[Stored data — start]
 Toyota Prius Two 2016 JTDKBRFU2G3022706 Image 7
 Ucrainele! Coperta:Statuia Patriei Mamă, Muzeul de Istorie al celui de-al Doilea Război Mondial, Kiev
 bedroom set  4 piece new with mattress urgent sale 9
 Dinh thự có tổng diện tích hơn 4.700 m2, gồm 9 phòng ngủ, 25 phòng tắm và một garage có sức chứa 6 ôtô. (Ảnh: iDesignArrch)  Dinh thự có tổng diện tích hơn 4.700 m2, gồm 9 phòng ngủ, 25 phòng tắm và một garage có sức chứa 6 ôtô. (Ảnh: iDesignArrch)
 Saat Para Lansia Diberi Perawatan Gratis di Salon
[Stored data — finish]
[Stored data — start]
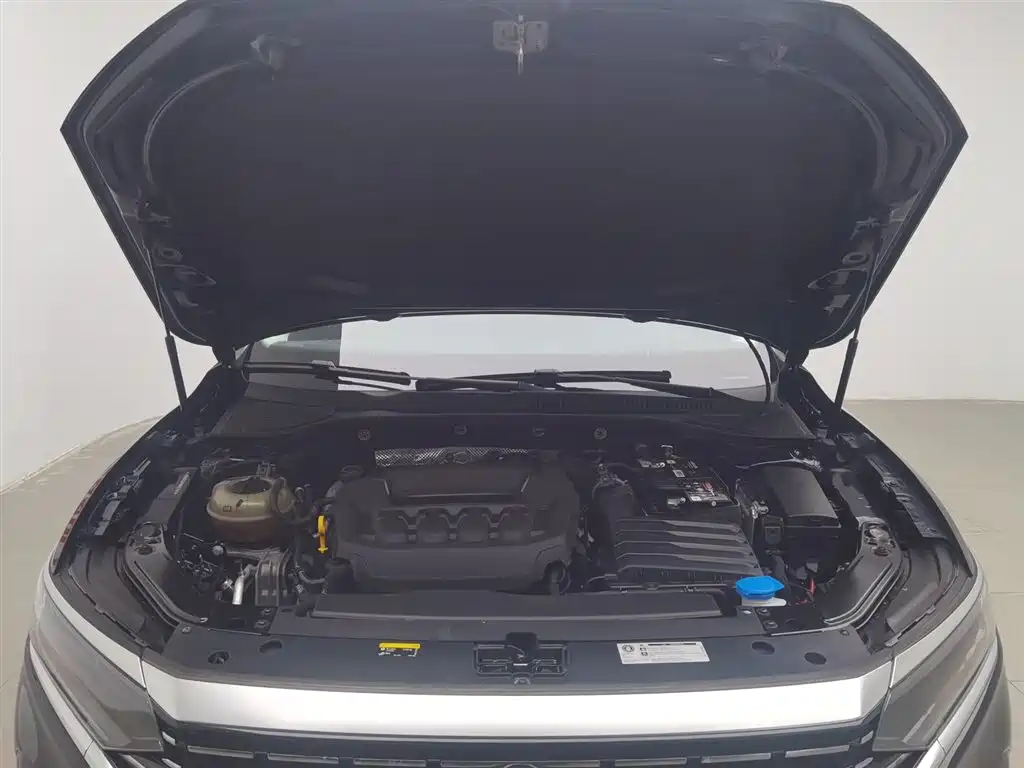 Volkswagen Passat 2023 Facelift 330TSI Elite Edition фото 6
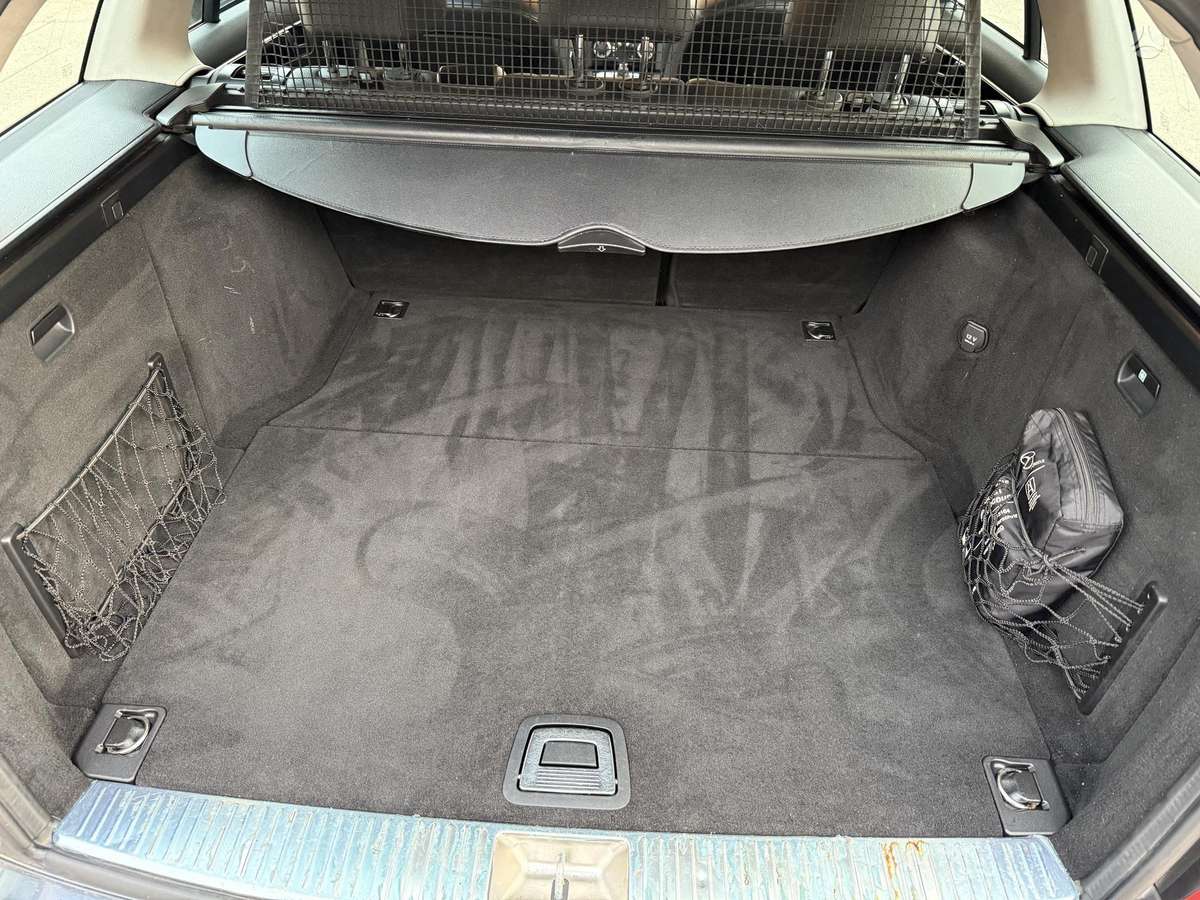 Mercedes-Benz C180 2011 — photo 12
[Stored data — finish]
▶ _Problem details_
Leave out the images and write out the lines above exactly, from the one with "Volkswagen Passat 2023" up to and including the one with "Mercedes-Benz C180 2011 — photo 12".

▶ _Response for this exercise_
 Volkswagen Passat 2023 Facelift 330TSI Elite Edition фото 6
 Mercedes-Benz C180 2011 — photo 12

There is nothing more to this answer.